Ulrich turned away and pretended to busy himself with a length of dyed cloth, so as not to meet Nikolaus’ miserable eyes. “I’m sorry,” he said. “I have my business to tend to.” Three journeyman dyers, constantly in need of instruction and correction. A roof that needed mending. Taxes to be paid. He sighed.
“There is one more thing,” said Agnes. “Bechte daughter of Wolfgang lies grievously ill.”
Ulrich’s head snapped around at that name. “Bechte?” She had been too young to marry when he was forced to leave.
“Bechte. She has the lung fever.” Agnes’ expression was knowing, but sympathetic. “She asked specially for you.”

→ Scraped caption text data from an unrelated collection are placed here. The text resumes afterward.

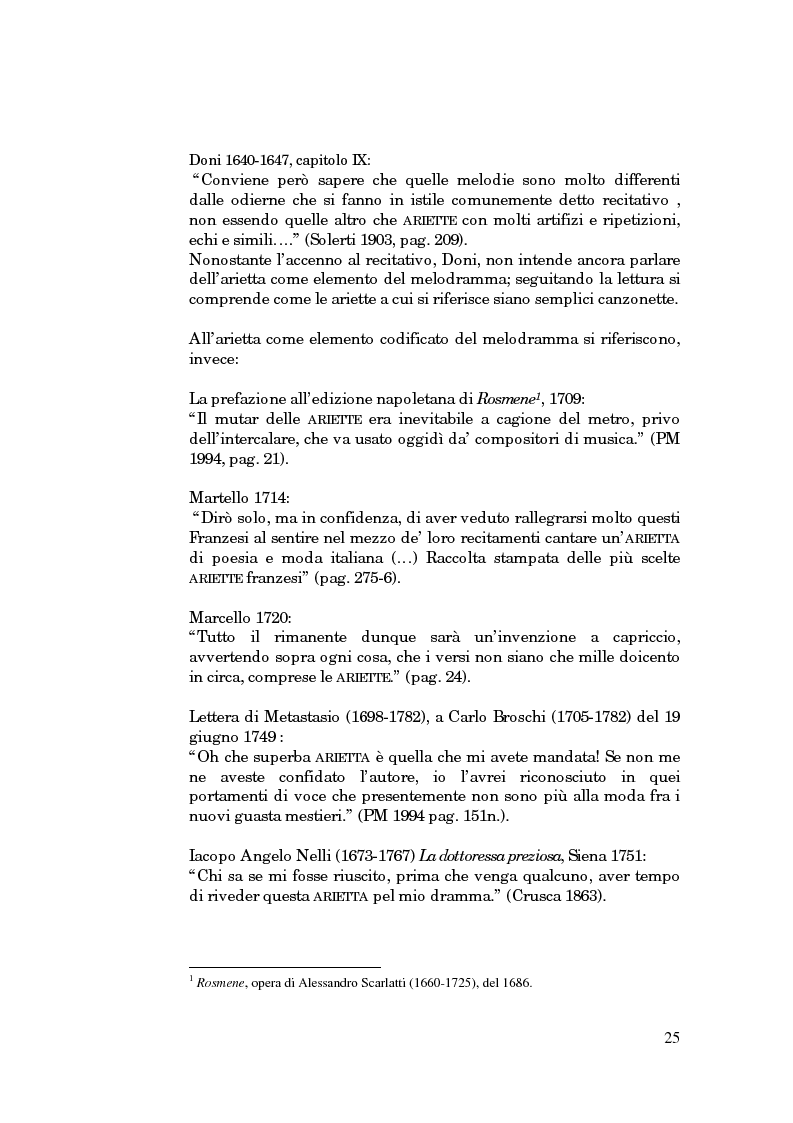 Anteprima della tesi: Lessico operistico, Pagina 14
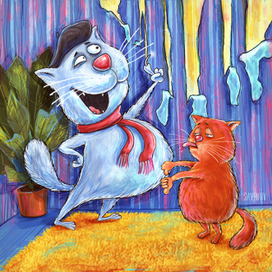 ...про котов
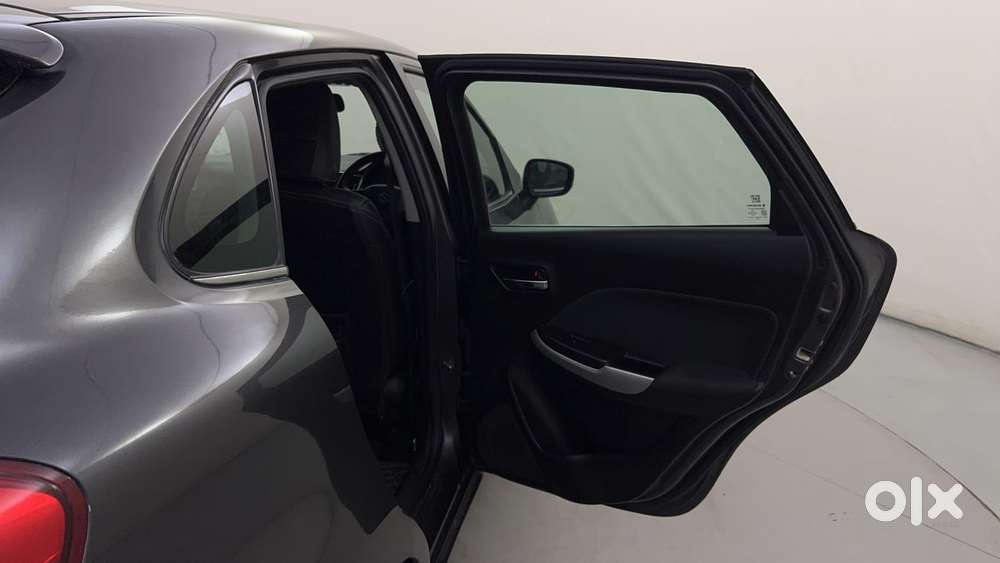 Maruti Suzuki Baleno 2015-2019 1.2 Alpha At, 2018, Petrol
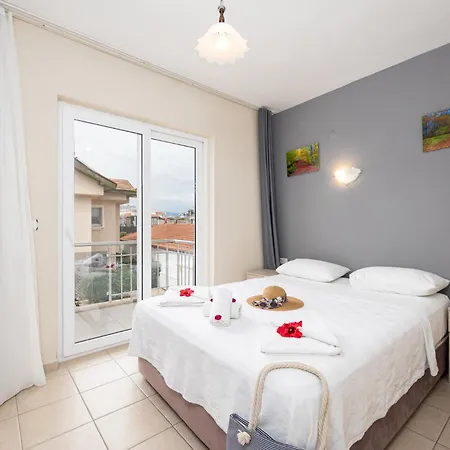 Safak Oasis Hotell Dalyan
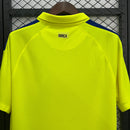 Terceira Camisa Retrô Barcelona 14/15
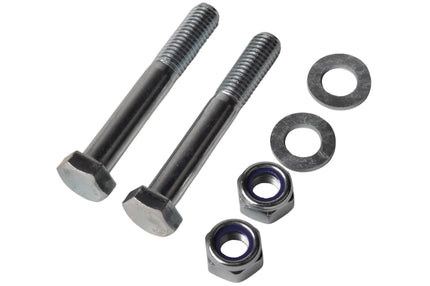 Cantonal Bout set M12x80 mm
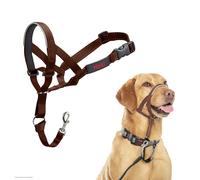 Halti Headcollar - Stop Your Dog Pulling on the Lead. Adjustable, Reflective and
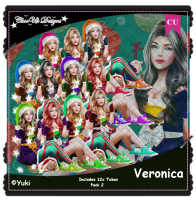 Veronica CU/PU Pack 2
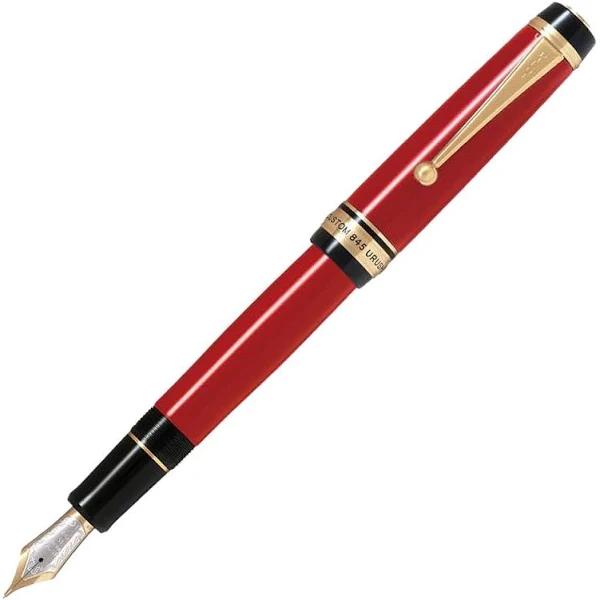 Pilot Custom 845 Red - Fountain [M]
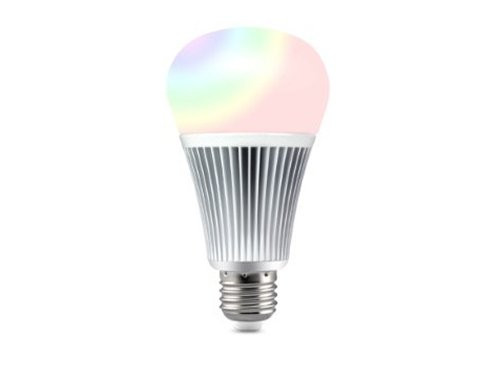 Foto van RGB-CCT LED E27 GLS 9W RF 2.4G RGB-CCT LED E27 GLS 9W RF 2.4G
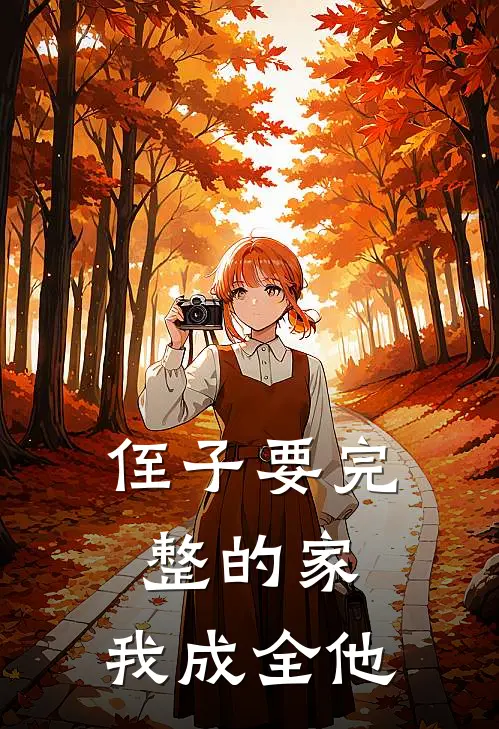 侄子要完整的家,我成全他的说说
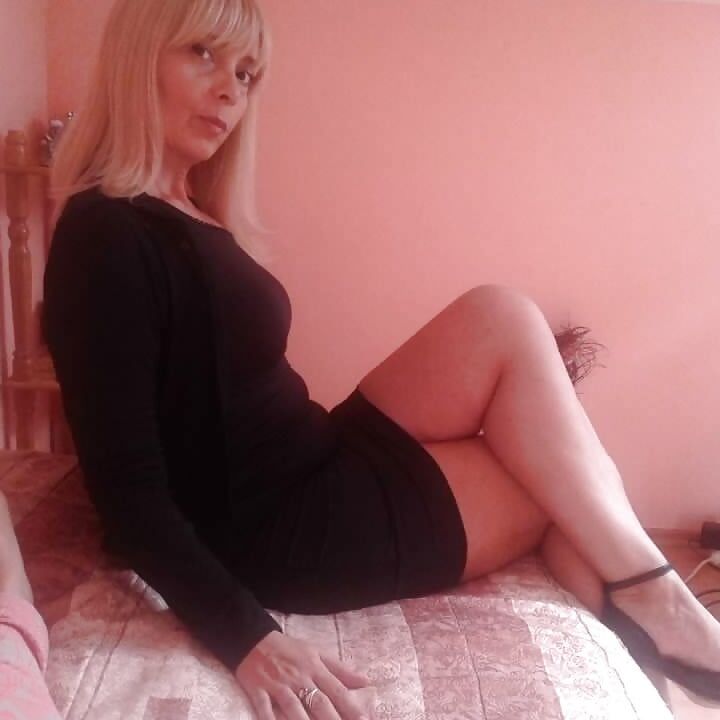 Serbian MILF - Ivana (Old School)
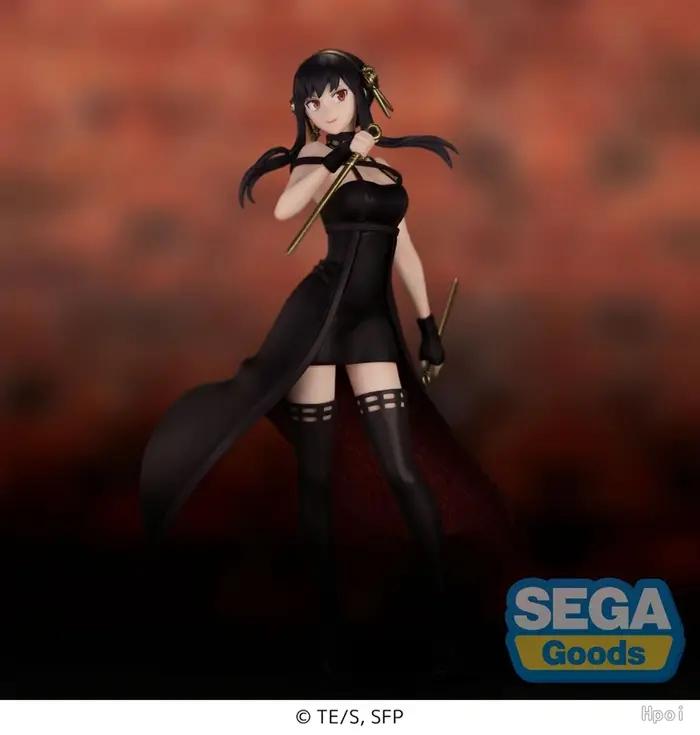 16CM espion × famille Anime Figure Kawai Anya Forger Yor Forger figurines debout Figurine à collecti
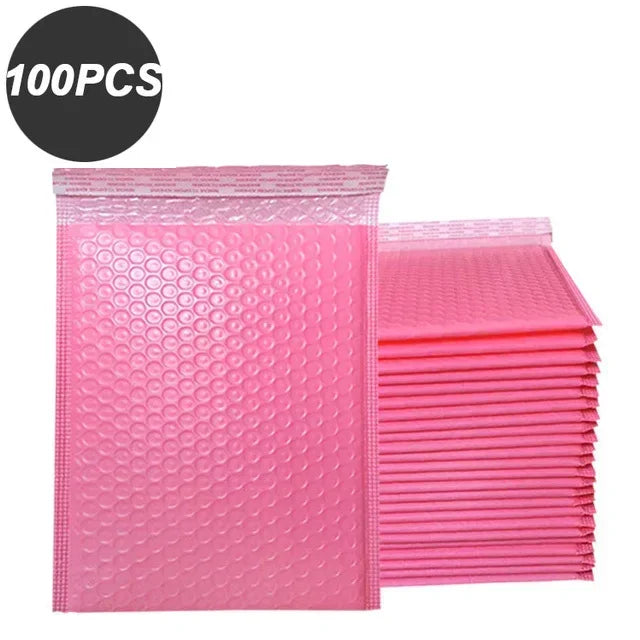 100-pack  vadderade kuvert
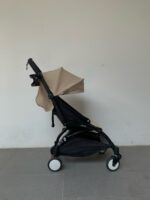 Xe đẩy Yoyo+ (màu beige) - size 6m+ -> 4 tuổi (tối đa 22kg) - Ảnh 2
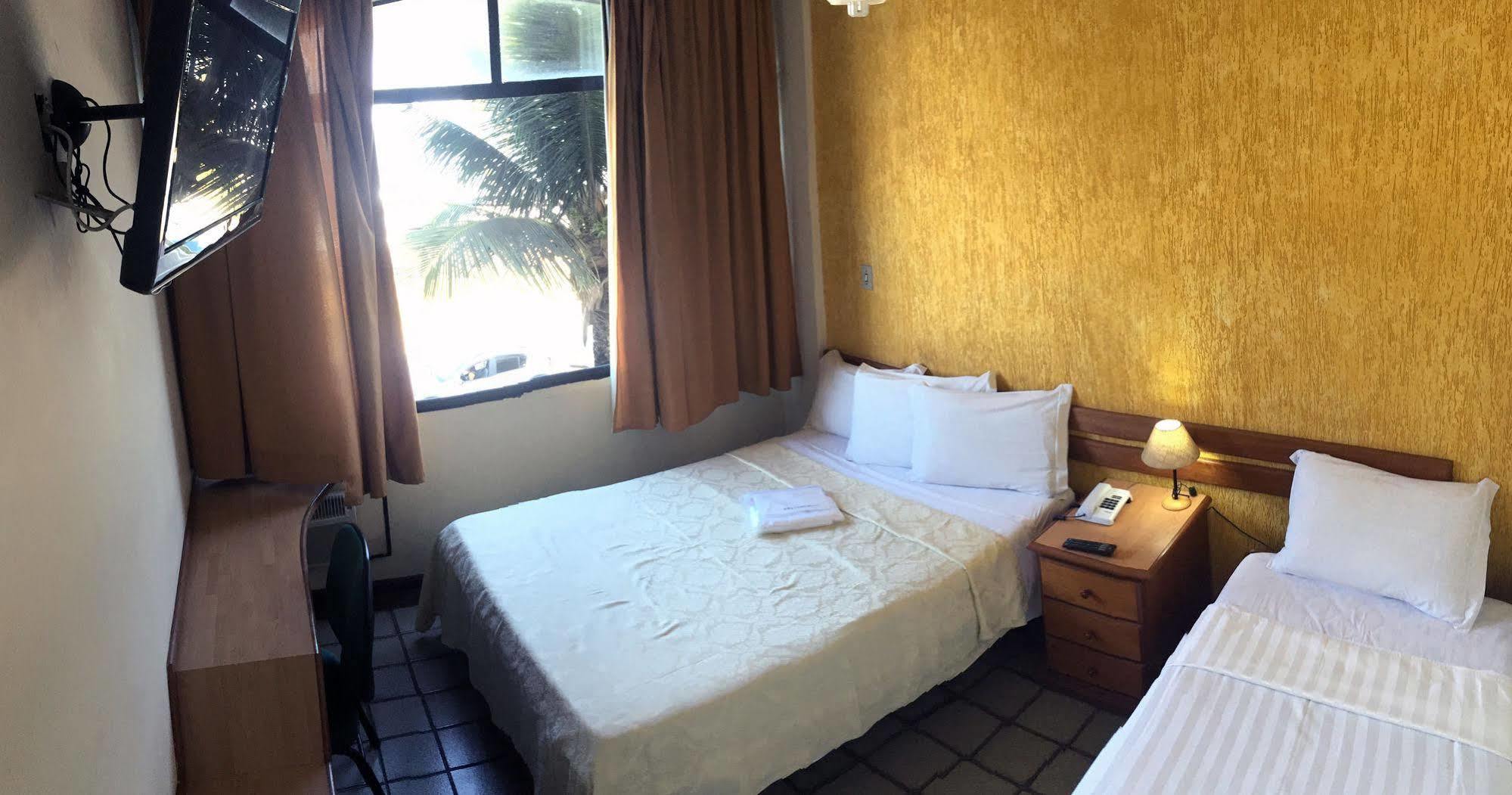 Hotel Bellatrix Macaé Exterior foto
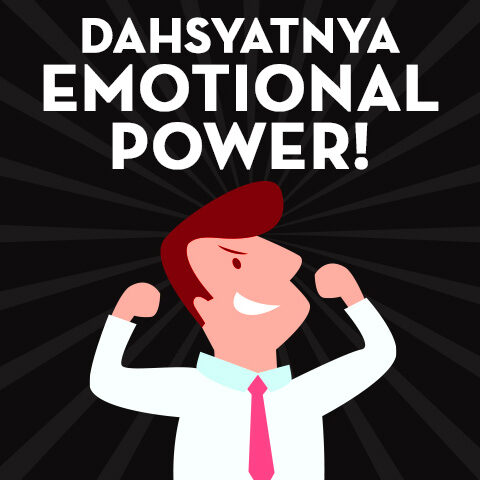 Dahsyatnya Emotional Power!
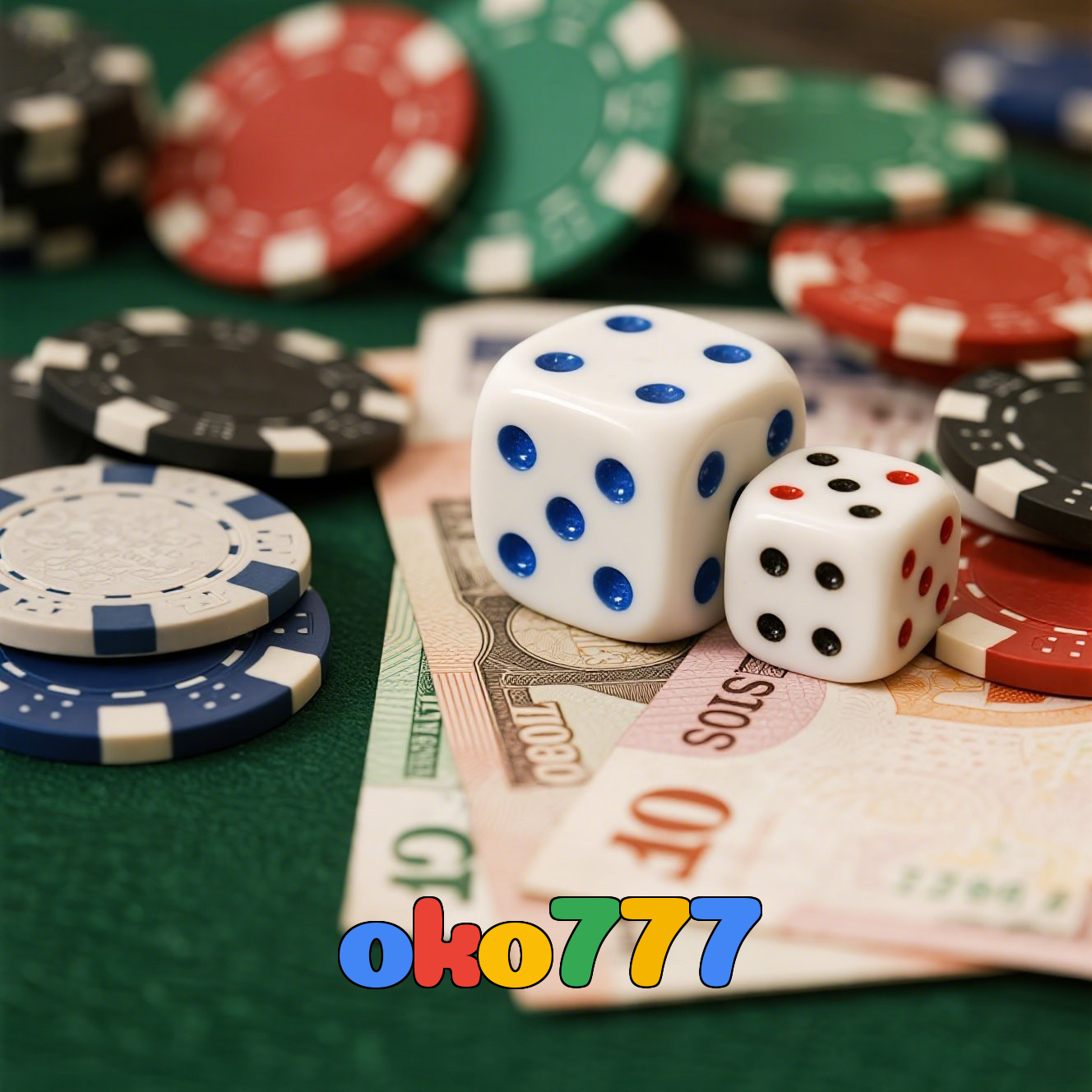 oko777 visual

They left for Lannesdorf that very day.
-o0o-
Agnes the widow of Friedrich lived with her family in a typical two-room peasant cottage, with wattle and daub walls, a dirt floor, and a roof of thatched straw. By comparison with Ulrich’s three-story house in Auerberg, it was little more than a box made of sticks held together with mud. It lacked windows, chairs, and chimney; smoke from the hearth-fire exited through a simple hole in the roof. “Mind the wall, there,” she said as they entered. “You could put your elbow right through it if you’re not careful. We keep trying to patch it up, but in this weather nothing ever dries.”
Ulrich dropped his traveling bag on the table. “Take me to Bechte,” he said. “I must see her at once.”
Agnes’ son Michel looked up at that, his eyes wide. “Oh, sir... you may see her, but I fear she cannot see you.”